■ Work instructions ■
Transcribe word for word the section of the records below that opens with the line containing "2026新款中式新娘大气金色华丽古风结婚重工大凤冠龙凤褂汉服发饰" and closes with the line containing "Born to Ride"; drop every picture.

■ Information shown ■
·····

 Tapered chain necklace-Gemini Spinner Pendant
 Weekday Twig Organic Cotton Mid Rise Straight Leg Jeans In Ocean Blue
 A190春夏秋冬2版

·····

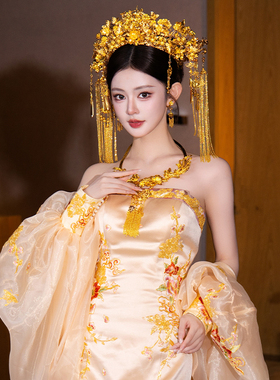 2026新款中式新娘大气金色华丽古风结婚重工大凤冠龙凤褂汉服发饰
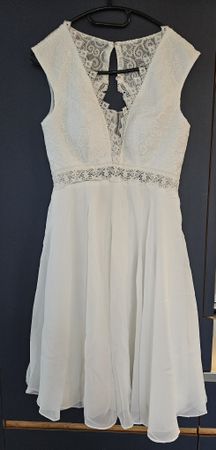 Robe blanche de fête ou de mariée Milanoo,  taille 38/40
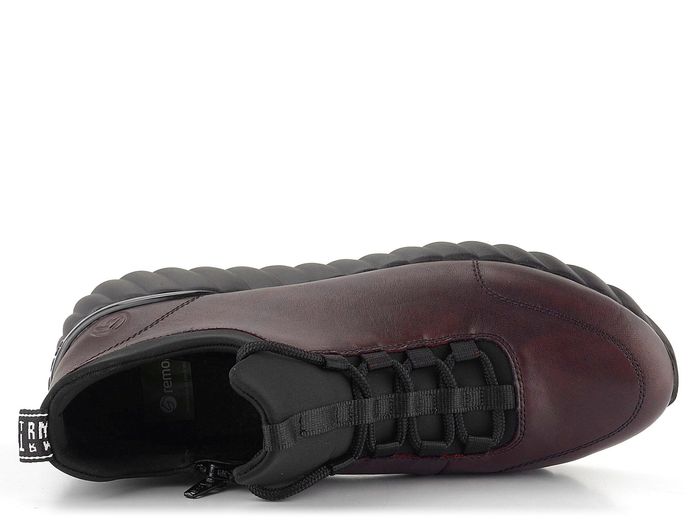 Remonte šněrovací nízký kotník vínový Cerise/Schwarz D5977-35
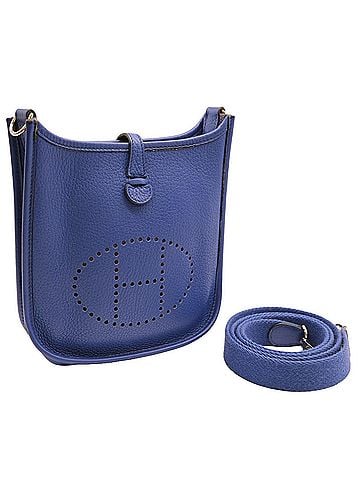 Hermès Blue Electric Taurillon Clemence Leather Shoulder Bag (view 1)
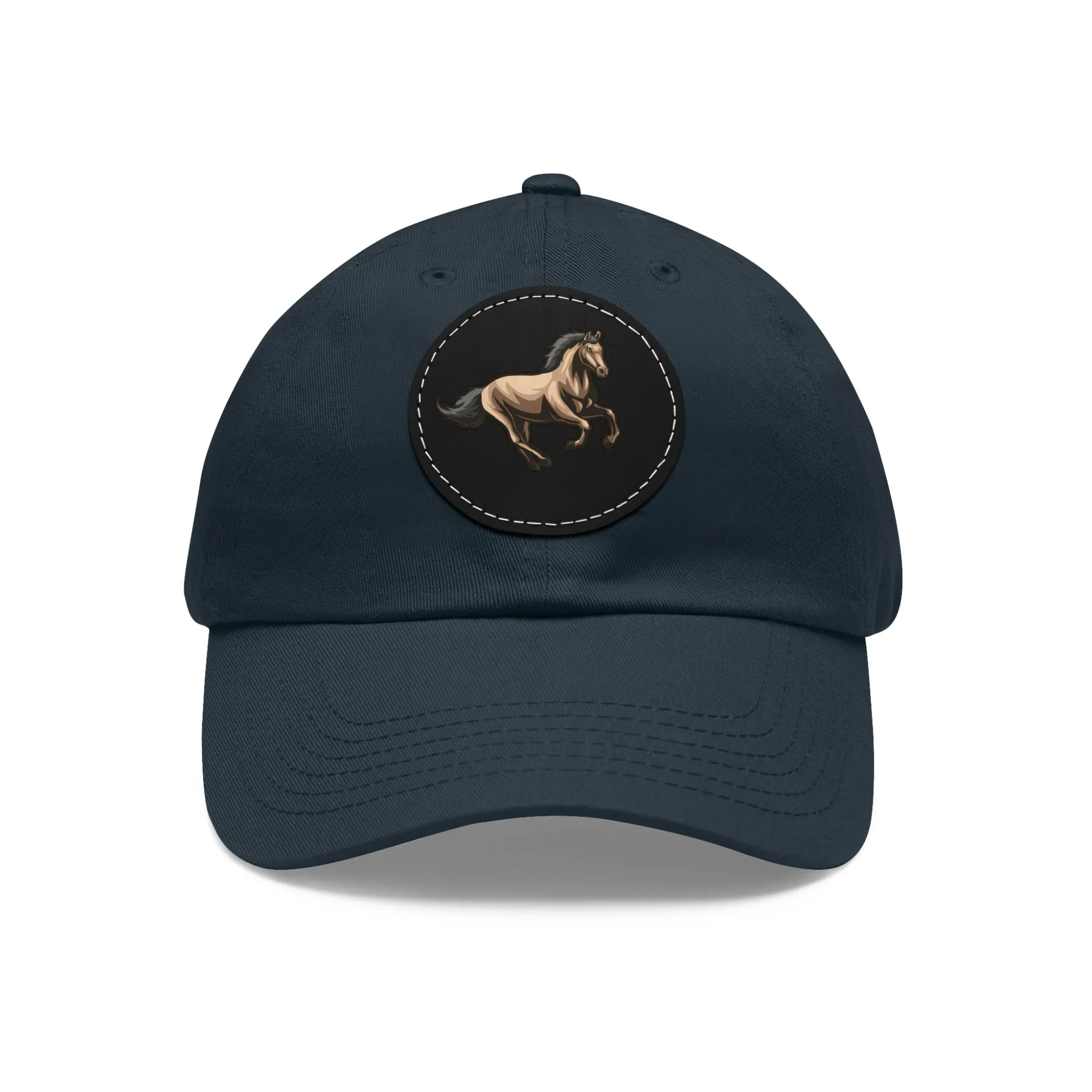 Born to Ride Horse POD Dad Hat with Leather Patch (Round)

·····

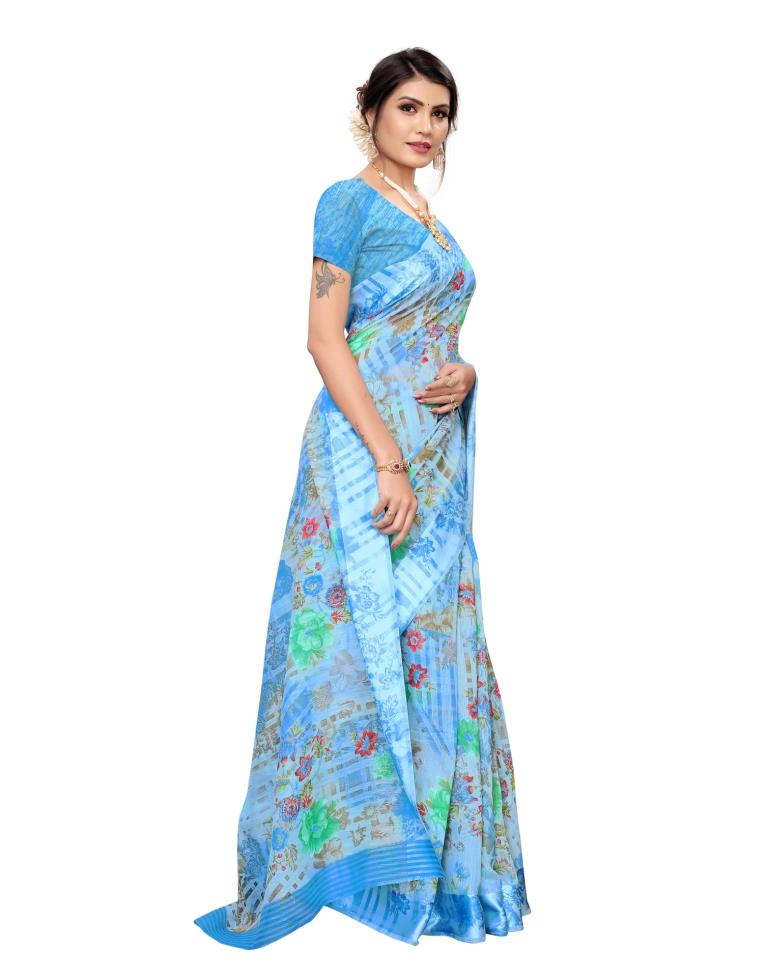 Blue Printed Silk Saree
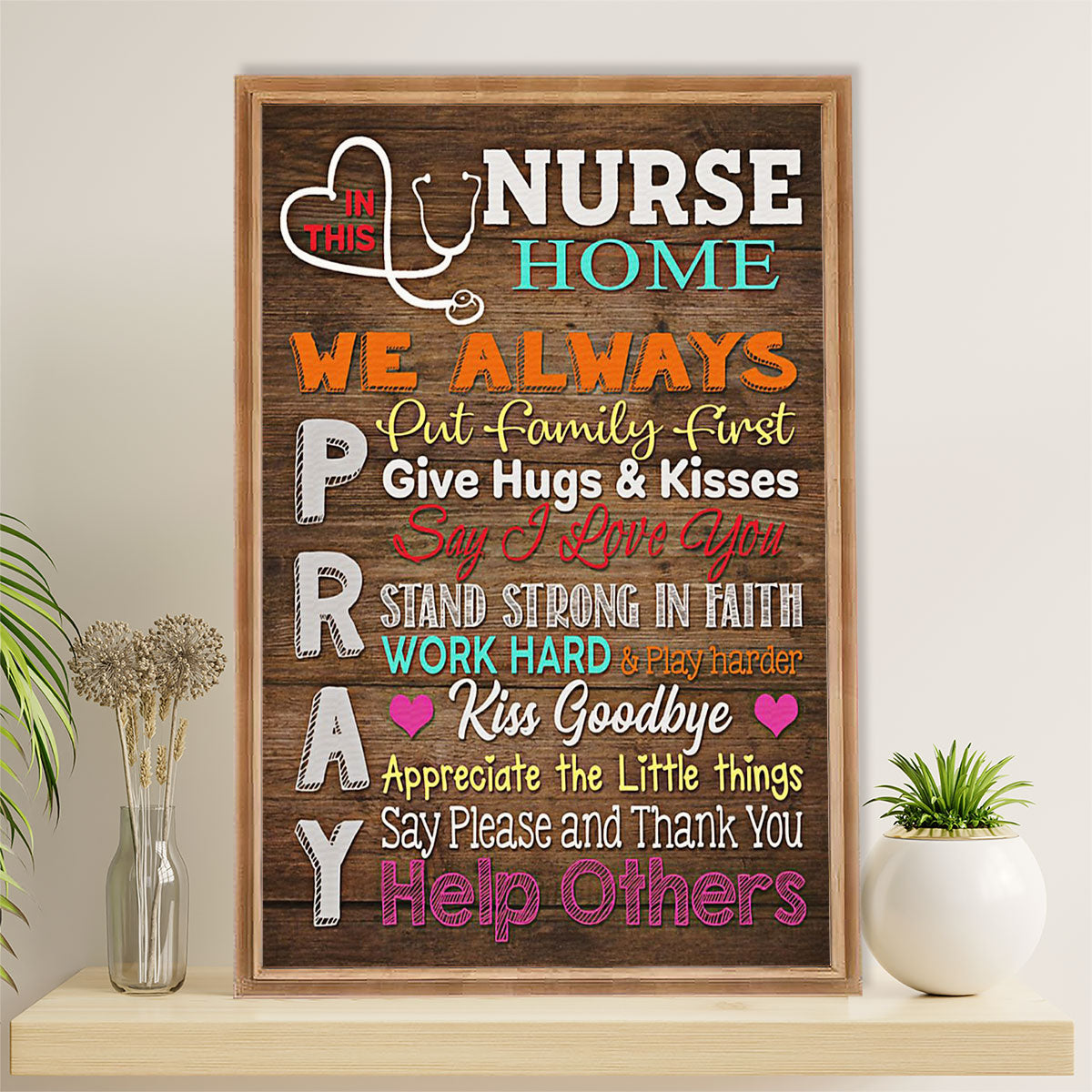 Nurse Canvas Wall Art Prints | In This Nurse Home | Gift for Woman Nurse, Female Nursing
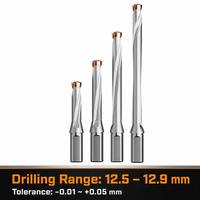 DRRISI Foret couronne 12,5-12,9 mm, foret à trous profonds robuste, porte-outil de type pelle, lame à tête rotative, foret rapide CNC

·····

■ Written solution ■
 2026新款中式新娘大气金色华丽古风结婚重工大凤冠龙凤褂汉服发饰
 Robe blanche de fête ou de mariée Milanoo,  taille 38/40
 Remonte šněrovací nízký kotník vínový Cerise/Schwarz D5977-35
 Hermès Blue Electric Taurillon Clemence Leather Shoulder Bag (view 1)
 Born to Ride Horse POD Dad Hat with Leather Patch (Round)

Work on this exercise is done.